▼

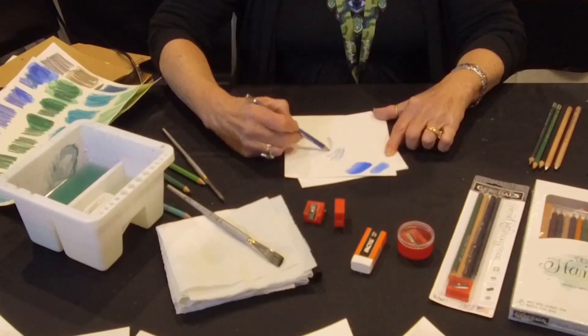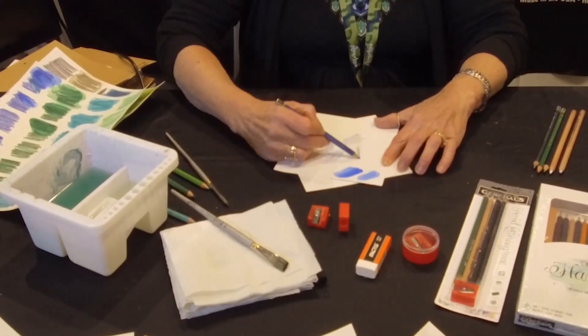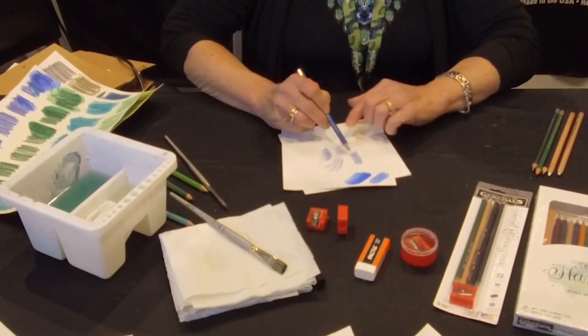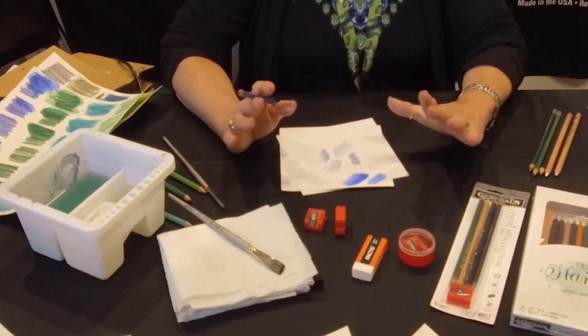There are several ways to work with watercolor pencils. You can draw and wet, just like I did. If you get the draw and wet effect for your background, it's going to look a little more texturized. I'm making it a little darker in some areas, and I'm utilizing the white of the paper too, because I'll automatically get three values right off the bat, which is going to make it more interesting.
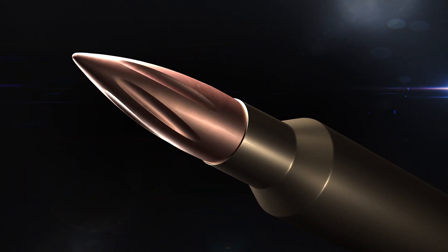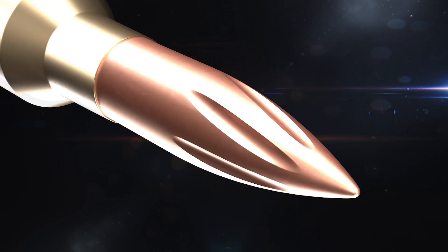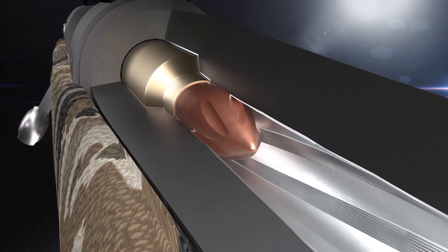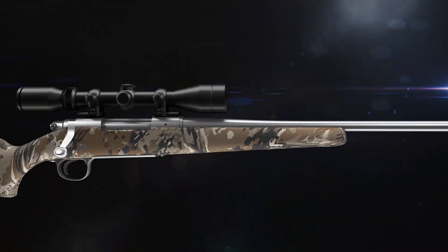As a bullet travels down the barrel, it's touching the riflings and the lands, and that's what causes the spin of the bullet. What I wanted to do was match the grooves over the nose or the ogive of the bullet that matched the riflings — in other words, assist the spin of the bullet as it's traveling through the air.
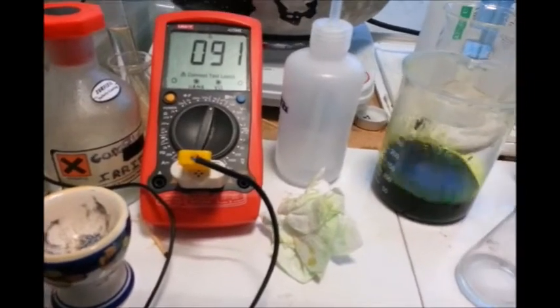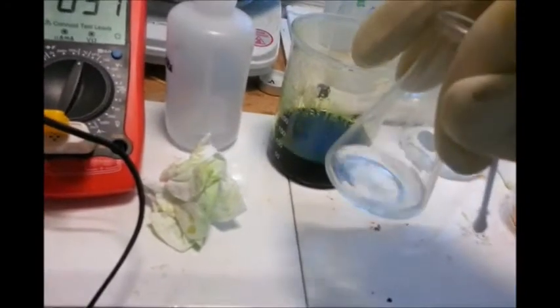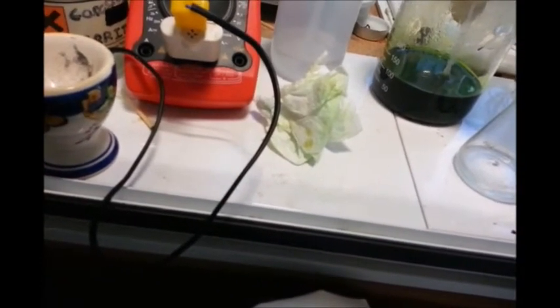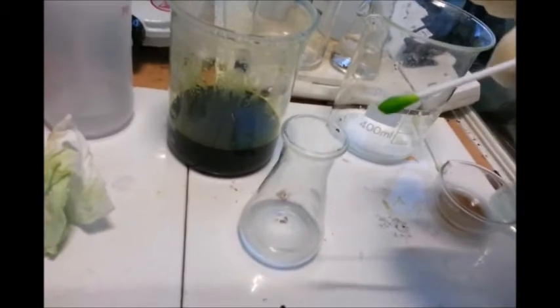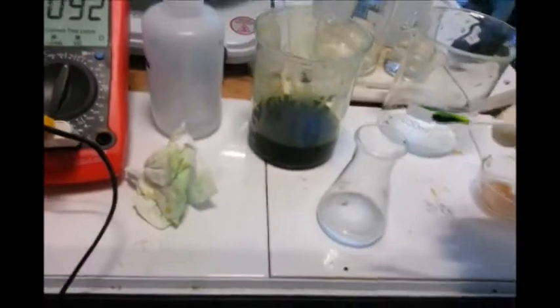So now, just to check there's gold in there, I'm going to do a gold test using what's in here, which is tin fluoride, and if it works it should go a black sort of colour. As you can see there, a nice green colour. I shall just dip the tip in here. And as you can see it's gone jet black, which means there's a lot of gold in there.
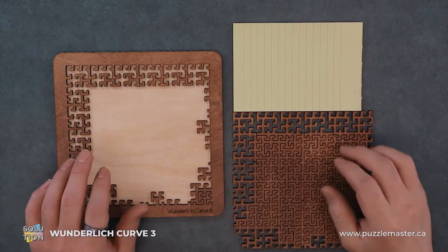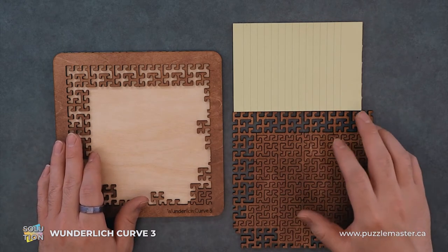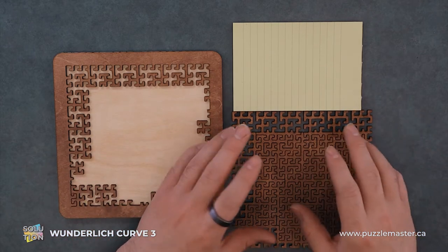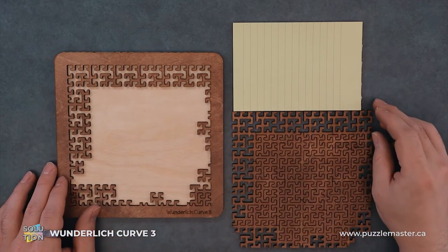The main goal of this puzzle is to put all the pieces into the frame, as per usual. This is a fractal puzzle, meaning that a lot of these pieces look very similar and kind of blend into one complete pattern at the end of it.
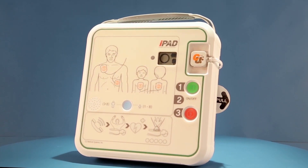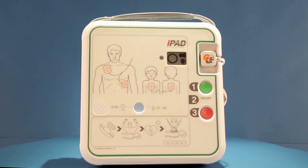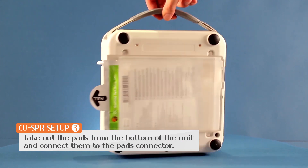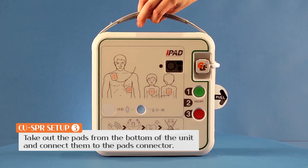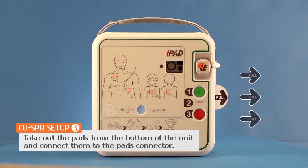After the mode is set, two pad attachment indicators will turn on. Take out the pads from the bottom of the unit and attach them correctly. Attaching the pads will activate the CPR voice guidance.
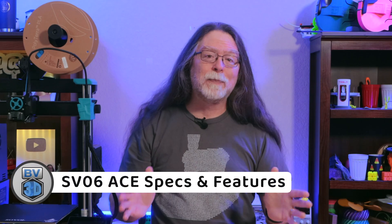Hello 3D printing friends, and welcome back. Today on the BV3D channel, we're getting a quick look at the new Sovol SV06 ACE. Thanks to Sovol for sending this over free of charge. We'll look at the specs and features, see some prints, and I'll tell you what I like about it and what I don't like.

▲

-- PROBLEM TO SOLVE --
Above are records to transcribe exactly; leave their pictures out.

-- WRITTEN SOLUTION --
There are several ways to work with watercolor pencils. You can draw and wet, just like I did. If you get the draw and wet effect for your background, it's going to look a little more texturized. I'm making it a little darker in some areas, and I'm utilizing the white of the paper too, because I'll automatically get three values right off the bat, which is going to make it more interesting.
As a bullet travels down the barrel, it's touching the riflings and the lands, and that's what causes the spin of the bullet. What I wanted to do was match the grooves over the nose or the ogive of the bullet that matched the riflings — in other words, assist the spin of the bullet as it's traveling through the air.
So now, just to check there's gold in there, I'm going to do a gold test using what's in here, which is tin fluoride, and if it works it should go a black sort of colour. As you can see there, a nice green colour. I shall just dip the tip in here. And as you can see it's gone jet black, which means there's a lot of gold in there.
The main goal of this puzzle is to put all the pieces into the frame, as per usual. This is a fractal puzzle, meaning that a lot of these pieces look very similar and kind of blend into one complete pattern at the end of it.
After the mode is set, two pad attachment indicators will turn on. Take out the pads from the bottom of the unit and attach them correctly. Attaching the pads will activate the CPR voice guidance.
Hello 3D printing friends, and welcome back. Today on the BV3D channel, we're getting a quick look at the new Sovol SV06 ACE. Thanks to Sovol for sending this over free of charge. We'll look at the specs and features, see some prints, and I'll tell you what I like about it and what I don't like.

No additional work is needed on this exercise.